**DATA TO USE**:
★ ★ ★

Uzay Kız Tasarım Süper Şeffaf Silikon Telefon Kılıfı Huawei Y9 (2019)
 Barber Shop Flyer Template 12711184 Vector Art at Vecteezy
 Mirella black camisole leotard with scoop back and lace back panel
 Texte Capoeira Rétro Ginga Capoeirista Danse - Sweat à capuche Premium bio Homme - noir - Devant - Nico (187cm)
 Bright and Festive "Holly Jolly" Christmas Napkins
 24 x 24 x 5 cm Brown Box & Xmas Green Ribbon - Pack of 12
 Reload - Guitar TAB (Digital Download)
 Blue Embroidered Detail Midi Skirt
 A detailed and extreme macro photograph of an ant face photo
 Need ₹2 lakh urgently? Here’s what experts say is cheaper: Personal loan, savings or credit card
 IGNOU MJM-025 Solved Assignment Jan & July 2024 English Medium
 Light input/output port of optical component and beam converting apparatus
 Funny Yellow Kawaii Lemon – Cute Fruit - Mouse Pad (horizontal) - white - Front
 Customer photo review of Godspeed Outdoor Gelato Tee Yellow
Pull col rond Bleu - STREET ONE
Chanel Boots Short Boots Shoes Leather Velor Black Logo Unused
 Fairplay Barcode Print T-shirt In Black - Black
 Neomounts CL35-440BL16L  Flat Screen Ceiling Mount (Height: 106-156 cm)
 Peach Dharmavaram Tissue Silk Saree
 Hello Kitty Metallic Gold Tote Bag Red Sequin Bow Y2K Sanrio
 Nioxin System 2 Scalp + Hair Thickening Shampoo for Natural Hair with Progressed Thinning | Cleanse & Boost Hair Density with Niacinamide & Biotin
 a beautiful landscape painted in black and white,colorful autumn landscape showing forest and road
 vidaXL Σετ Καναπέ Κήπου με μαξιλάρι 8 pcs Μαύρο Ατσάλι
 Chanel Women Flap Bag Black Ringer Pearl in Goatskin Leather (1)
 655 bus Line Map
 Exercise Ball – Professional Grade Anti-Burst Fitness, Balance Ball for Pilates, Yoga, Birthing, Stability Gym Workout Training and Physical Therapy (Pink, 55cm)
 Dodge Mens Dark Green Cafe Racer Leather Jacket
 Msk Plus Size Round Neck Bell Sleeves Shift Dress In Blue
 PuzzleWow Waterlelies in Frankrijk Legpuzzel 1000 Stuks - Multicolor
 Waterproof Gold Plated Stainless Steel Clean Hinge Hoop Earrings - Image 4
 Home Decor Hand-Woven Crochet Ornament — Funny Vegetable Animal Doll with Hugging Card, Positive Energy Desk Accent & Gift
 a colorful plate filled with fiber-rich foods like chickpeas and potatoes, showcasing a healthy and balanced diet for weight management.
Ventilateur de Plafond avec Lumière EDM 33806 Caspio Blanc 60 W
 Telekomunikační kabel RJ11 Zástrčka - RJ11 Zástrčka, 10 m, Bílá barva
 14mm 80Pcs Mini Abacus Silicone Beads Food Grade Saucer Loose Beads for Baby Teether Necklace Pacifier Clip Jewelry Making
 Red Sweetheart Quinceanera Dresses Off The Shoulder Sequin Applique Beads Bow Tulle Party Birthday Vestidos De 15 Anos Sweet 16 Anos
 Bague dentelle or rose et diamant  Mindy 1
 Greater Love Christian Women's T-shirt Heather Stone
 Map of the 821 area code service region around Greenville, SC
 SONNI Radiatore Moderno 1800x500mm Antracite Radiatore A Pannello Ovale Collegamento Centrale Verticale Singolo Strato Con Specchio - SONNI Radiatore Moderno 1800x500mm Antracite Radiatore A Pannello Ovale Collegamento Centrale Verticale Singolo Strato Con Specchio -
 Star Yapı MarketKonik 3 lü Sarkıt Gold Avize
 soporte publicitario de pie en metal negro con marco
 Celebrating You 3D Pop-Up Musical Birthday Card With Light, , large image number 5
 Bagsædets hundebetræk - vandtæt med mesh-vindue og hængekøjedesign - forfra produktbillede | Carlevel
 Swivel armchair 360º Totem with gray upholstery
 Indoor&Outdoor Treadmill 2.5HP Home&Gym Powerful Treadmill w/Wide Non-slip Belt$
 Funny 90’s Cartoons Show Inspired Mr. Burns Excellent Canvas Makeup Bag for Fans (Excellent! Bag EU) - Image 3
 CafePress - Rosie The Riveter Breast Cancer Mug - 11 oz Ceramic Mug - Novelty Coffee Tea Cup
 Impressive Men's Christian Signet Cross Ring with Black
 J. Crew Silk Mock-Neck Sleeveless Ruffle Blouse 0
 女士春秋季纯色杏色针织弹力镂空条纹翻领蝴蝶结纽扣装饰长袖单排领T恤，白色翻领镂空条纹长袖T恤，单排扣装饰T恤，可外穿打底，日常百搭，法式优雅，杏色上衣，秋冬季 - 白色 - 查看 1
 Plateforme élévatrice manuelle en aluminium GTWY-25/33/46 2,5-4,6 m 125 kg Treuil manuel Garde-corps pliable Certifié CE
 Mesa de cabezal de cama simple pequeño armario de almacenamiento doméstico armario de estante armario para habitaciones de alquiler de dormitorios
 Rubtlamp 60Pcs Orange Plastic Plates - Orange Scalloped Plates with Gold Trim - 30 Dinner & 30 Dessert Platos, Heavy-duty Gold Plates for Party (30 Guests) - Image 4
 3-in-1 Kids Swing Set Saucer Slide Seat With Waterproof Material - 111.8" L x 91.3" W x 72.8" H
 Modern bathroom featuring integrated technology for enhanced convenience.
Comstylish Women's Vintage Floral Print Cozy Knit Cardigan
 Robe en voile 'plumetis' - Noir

★ ★ ★

**WORK INSTRUCTION**: With the string "Christian" as the key, filter the data above and show the lines that match.

**RESULT OF THIS TASK**:
 Greater Love Christian Women's T-shirt Heather Stone
 Impressive Men's Christian Signet Cross Ring with Black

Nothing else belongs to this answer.